Many of these novel approaches attempt to target the pathophysiology that underpins motor weakness after stroke and the processes of recovery. These processes are likely to differ with stroke subtypes and with time after stroke. For example, interventions that are effective in the chronic phase of stroke recovery may not be effective in the acute or subacute phase, and the mechanism of tissue damage and repair differs in ischemic and hemorrhagic stroke. Following an ischemic stroke, there is cell death in the affected area, leading to the loss of brain tissue and atrophy. However, there are also changes both proximal and distal to the lesion and in connected areas. For example, secondary axonal degeneration occurs in white matter tracts and loss of gray matter volume can occur both ipsilateral and contralateral to the stroke lesion.9 The extent and type of this damage is related to stroke severity and may explain some of the variance in outcomes following rehabilitation. The ability of the brain to reorganize neural networks after the stroke injury is critical but is often insufficient to lead to meaningful recovery.

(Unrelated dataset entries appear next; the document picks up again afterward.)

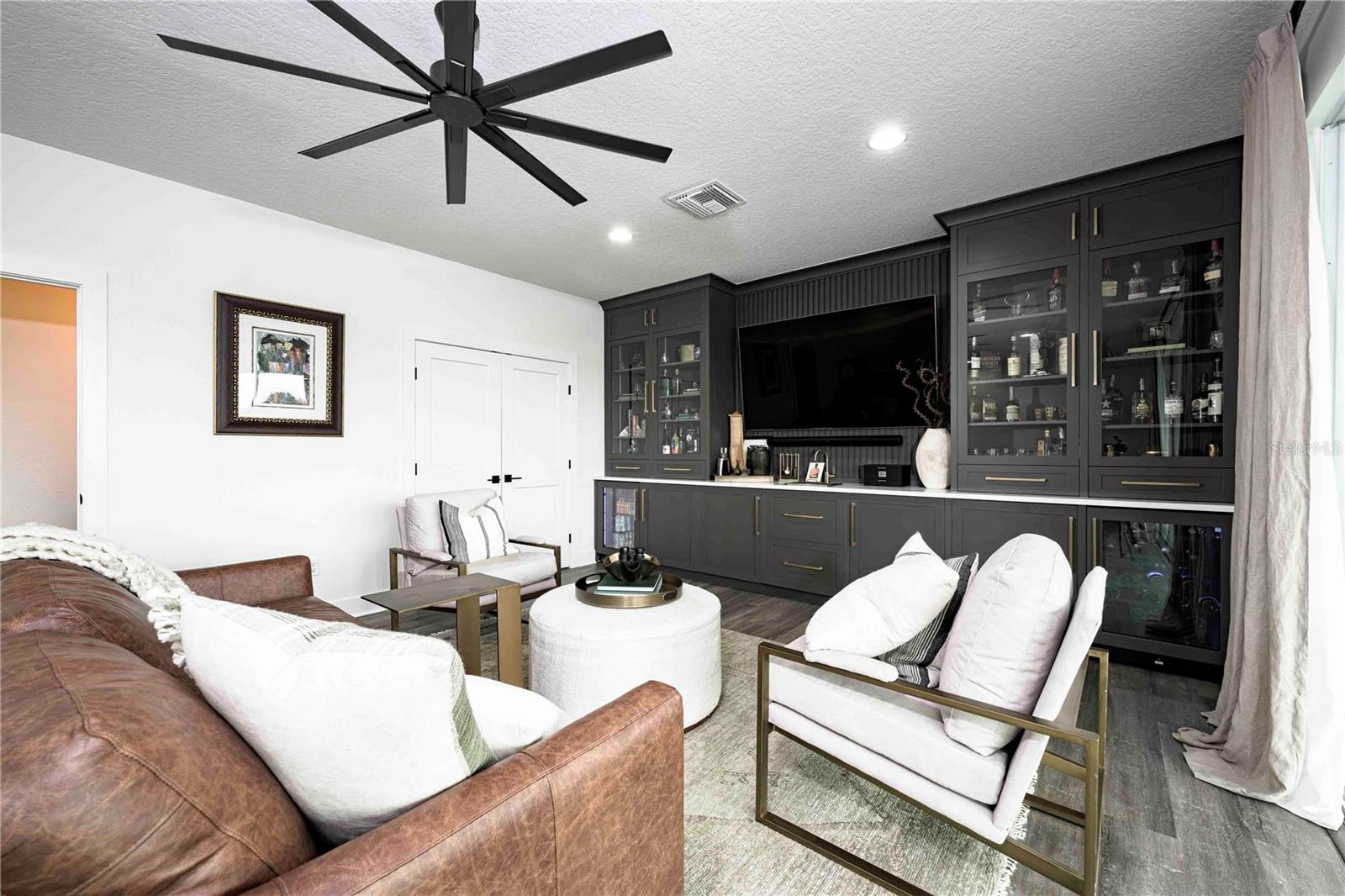 CONSERVATORY/HAMMOCK BEACH - Residential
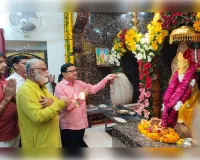 गुरु पूर्णिमा पर उतारी साईं बाबा की भव्य आरती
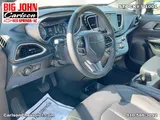 2025 Chrysler Pacifica photo 14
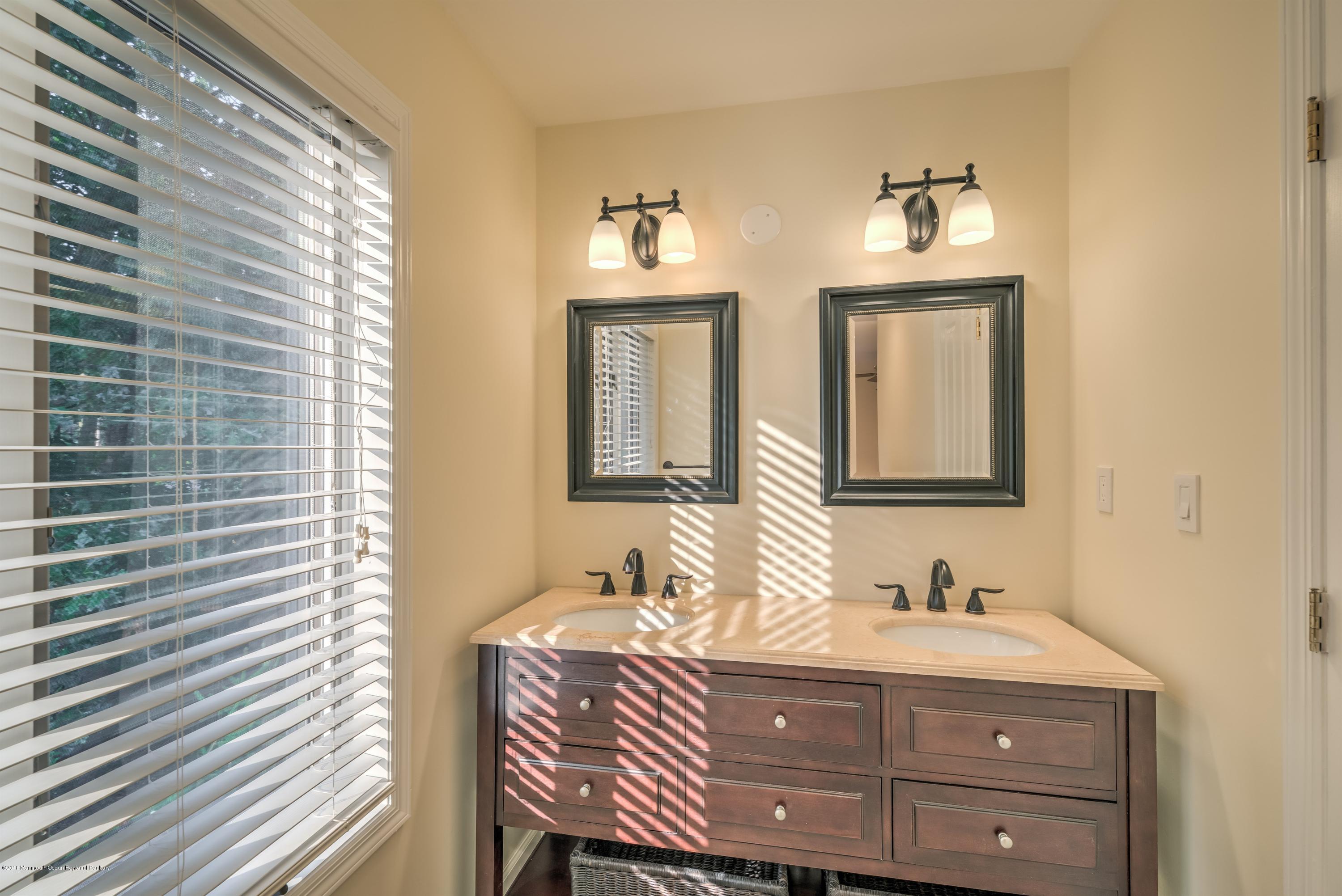 635 Jackson Mills Road Jackson, NJ 08527 - Photo 16 of 27 017_MASTER BATHROOM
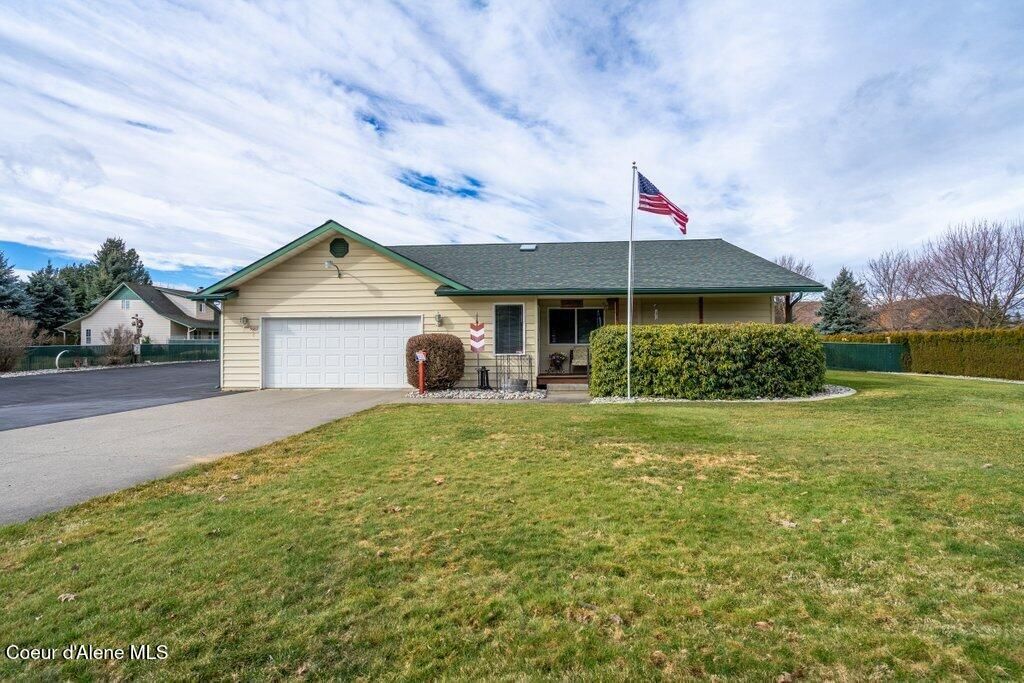 Photo of 5687 15th, Dalton Gardens, ID 83815 (MLS # 26-1702)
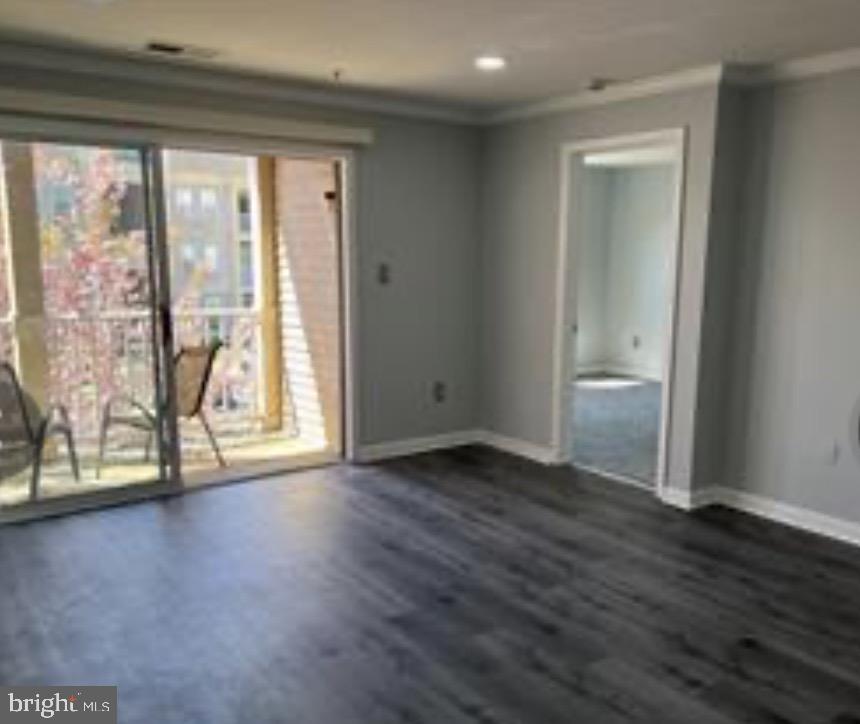 1061 GARDENVIEW LOOP #204, WOODBRIDGE, Virginia 22191, 2 Bedrooms Bedrooms, 4 Rooms Rooms,2 BathroomsBathrooms,Residential,For sale,1061 GARDENVIEW LOOP #204,VAPW2113454 MLS # VAPW2113454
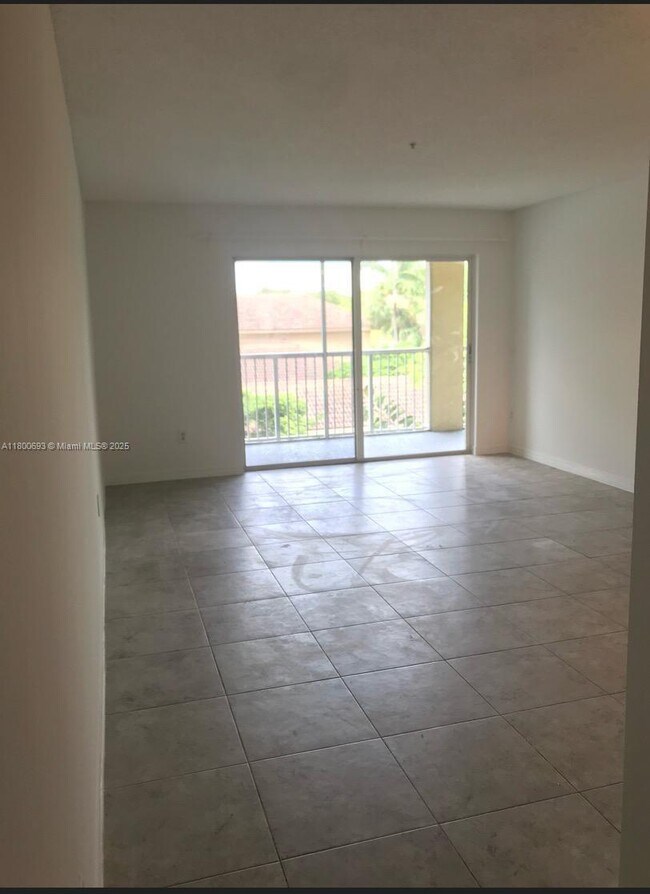 460 S Park Rd in Hollywood, FL - Building Photo - Building Photo
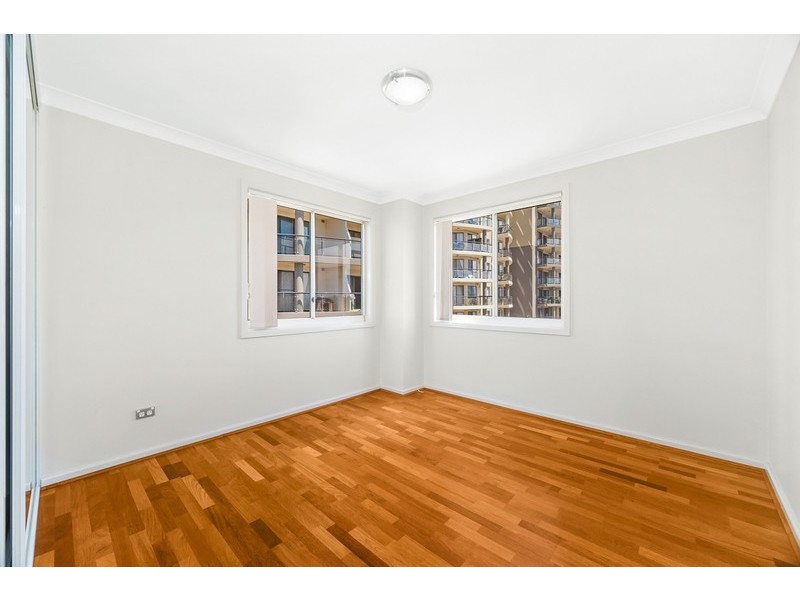 808/91A Bridge Rd, Westmead NSW 2145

These plastic changes involve both peri-lesional tissue and the contralateral hemisphere, subcortical, and spinal regions. Studies have reported a role for the cholinergic,10,11 noradrenergic, and serotonergic systems in remapping after stroke. Thus, outcomes after stroke could be improved by both reducing initial stroke severity through reperfusion and some of the mechanisms of secondary injury, and by improving the ability of the brain to reorganize. The extent of reorganization of neural networks can be enhanced by rehabilitation and task-specific training. In experimental models, task-specific rehabilitation has been shown to increase “cortical re-wiring,” increase synaptogenesis, and increase dendritic cell branching and growth.12 This plasticity can be specific to the applied stimulus and augmenting task-specific plasticity is a key therapeutic target.